[EXERCISE INSTRUCTIONS]: Exact reproduction of every entry is required.

GIVEN INFORMATION START

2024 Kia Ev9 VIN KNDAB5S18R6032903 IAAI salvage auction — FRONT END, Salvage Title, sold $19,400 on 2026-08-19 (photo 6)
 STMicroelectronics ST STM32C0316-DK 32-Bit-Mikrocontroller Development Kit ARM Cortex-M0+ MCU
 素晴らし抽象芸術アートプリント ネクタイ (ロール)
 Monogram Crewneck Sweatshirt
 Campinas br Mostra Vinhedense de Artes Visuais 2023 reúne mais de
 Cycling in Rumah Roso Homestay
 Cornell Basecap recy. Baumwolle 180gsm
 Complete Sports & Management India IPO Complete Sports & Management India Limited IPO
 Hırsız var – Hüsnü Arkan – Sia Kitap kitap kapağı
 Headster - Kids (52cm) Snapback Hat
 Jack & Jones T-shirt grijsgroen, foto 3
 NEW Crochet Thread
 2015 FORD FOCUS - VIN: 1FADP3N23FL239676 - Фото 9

GIVEN INFORMATION END

[SOLUTION TO THIS EXERCISE]:
2024 Kia Ev9 VIN KNDAB5S18R6032903 IAAI salvage auction — FRONT END, Salvage Title, sold $19,400 on 2026-08-19 (photo 6)
 STMicroelectronics ST STM32C0316-DK 32-Bit-Mikrocontroller Development Kit ARM Cortex-M0+ MCU
 素晴らし抽象芸術アートプリント ネクタイ (ロール)
 Monogram Crewneck Sweatshirt
 Campinas br Mostra Vinhedense de Artes Visuais 2023 reúne mais de
 Cycling in Rumah Roso Homestay
 Cornell Basecap recy. Baumwolle 180gsm
 Complete Sports & Management India IPO Complete Sports & Management India Limited IPO
 Hırsız var – Hüsnü Arkan – Sia Kitap kitap kapağı
 Headster - Kids (52cm) Snapback Hat
 Jack & Jones T-shirt grijsgroen, foto 3
 NEW Crochet Thread
 2015 FORD FOCUS - VIN: 1FADP3N23FL239676 - Фото 9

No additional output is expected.